Please see the attachment.

Author Response File: Author Response.pdf

Reviewer 3 Report

In this review article, the author concisely and comprehensively illustrated the significant role of microbiota on acute kidney injury (AKI) pathogenesis.

This review covered the overview of the gut microbiota and the major topics of recent progress gut microbiome analysis in human AKI and animal models. The author reviewed the short chain fatty acid(SCFA) hemodynamics(especially salt and hypertension), and uremic solutes(indoxyl sulfate(IS), p-cresyl sulfate(PCS) and trimethylamine-N-Oxide(TMAO)).  

Therapeutic potentials of gut microbiota as the target of modification of dysbiosis in AKI were mentioned.

Author Response

Please see the attachment.

Author Response File: Author Response.pdf

Reviewer 4 Report

The title of the article is “Significance of the Gut Microbiota in Acute Kidney Injury”.

The authors conducted a narrative review. This review aimed to updated evidence of the role of the gut microbiota in the pathogenesis of AKI.

This is an interesting review that can benefit from more thorough review and appears to be well performed in general and the manuscript is well written. This review may help clinician-researcher and scientist to a better understanding of the relationships between the intestinal microbiome and renal physiology/pathophysiology and applying this knowledge for design the future therapeutic trials. However, the manuscript still could be further improved after some revisions.

Specific comments:

1. The outline of this review had similar to “PMID: 30606403”. A several updated evidence from Ref.32, 50, 51, and 52 were found from this review. Please add more updated evidence.

Reference

1. Gong J, Noel S, Pluznick JL, Hamad ARA, Rabb H. Gut Microbiota-Kidney Cross-Talk in Acute Kidney Injury. Semin Nephrol. 2019 Jan;39(1):107-116. doi: 10.1016/j.semnephrol.2018.10.009. PMID: 30606403; PMCID: PMC6322425.

 

2. Nowadays, in most evidence hierarchies current, well designed systematic reviews and meta-analyses are at the top of the pyramid. Please provide findings from a recent systematic review and meta-analysis. Please update the potentially relevant publications.
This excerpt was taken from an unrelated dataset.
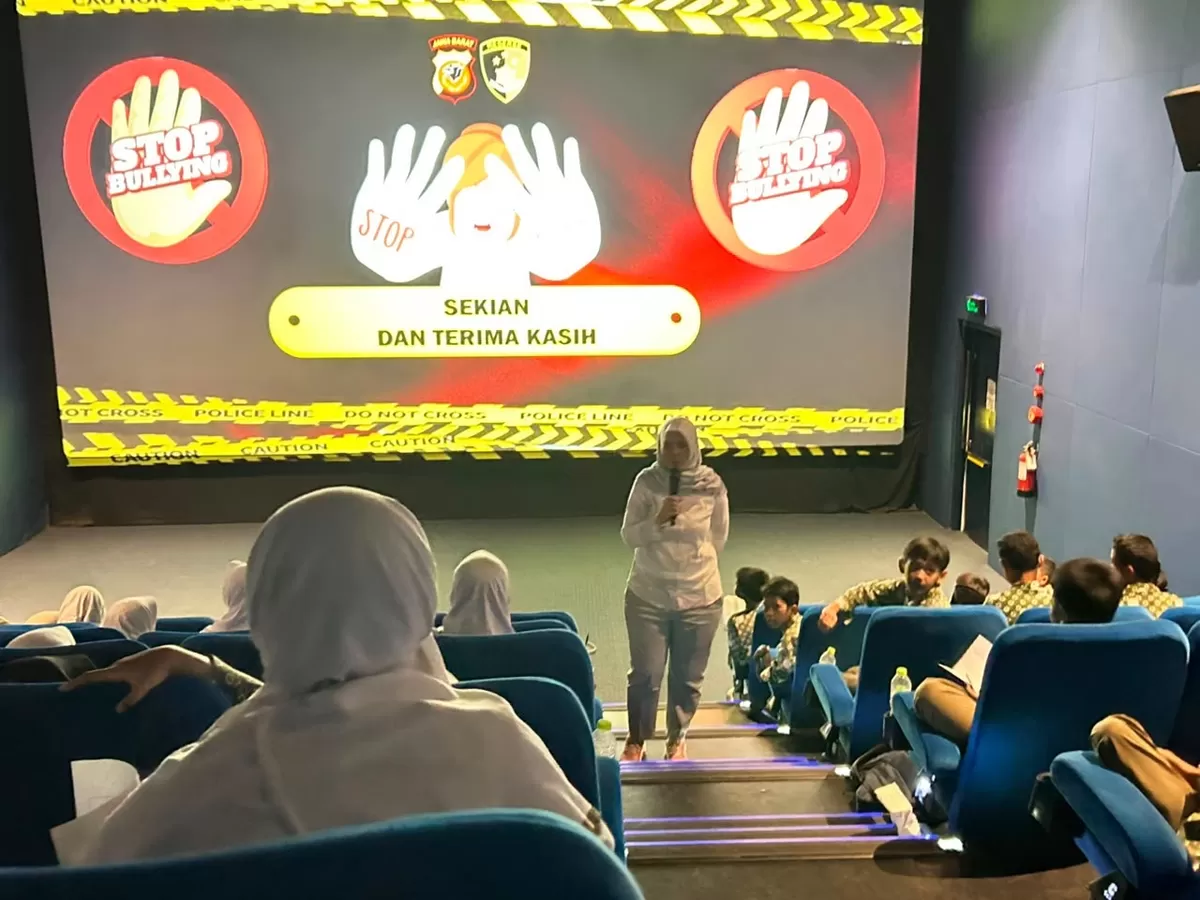 Kanit PPA Satreskrim Polres Subang, AIPTU Nenden Nurpatimah, saat memberikan edukasi bahaya bullying kepada siswa SD Miftahul Ulum dalam kegiatan sosialisasi di Sams Studio, Subang, Rabu, 22 Juli 2026 (Dok. Istimewa)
Reference                                                                                

1. Rydzewska-Rosołowska A, Sroka N, Kakareko K, Rosołowski M, Zbroch E, Hryszko T. The Links between Microbiome and Uremic Toxins in Acute Kidney Injury: Beyond Gut Feeling-A Systematic Review. Toxins (Basel). 2020 Dec 11;12(12):788. doi: 10.3390/toxins12120788. PMID: 33322362; PMCID: PMC7764335.

Additionally, please including more recently RCT in your review.

 

If the above suggestions are incorporated and the paper is thoroughly edited, it will be a strong contribution to the literature.  Thank you so much to let me have opportunity to work with this research article.

Author Response

Please see the attachment.

Author Response File: Author Response.pdf

Round 2

Reviewer 1 Report

Accept in current form

Reviewer 2 Report

no suggestions

Reviewer 4 Report

The authors addressed all my previous concerns. I have no additional comment.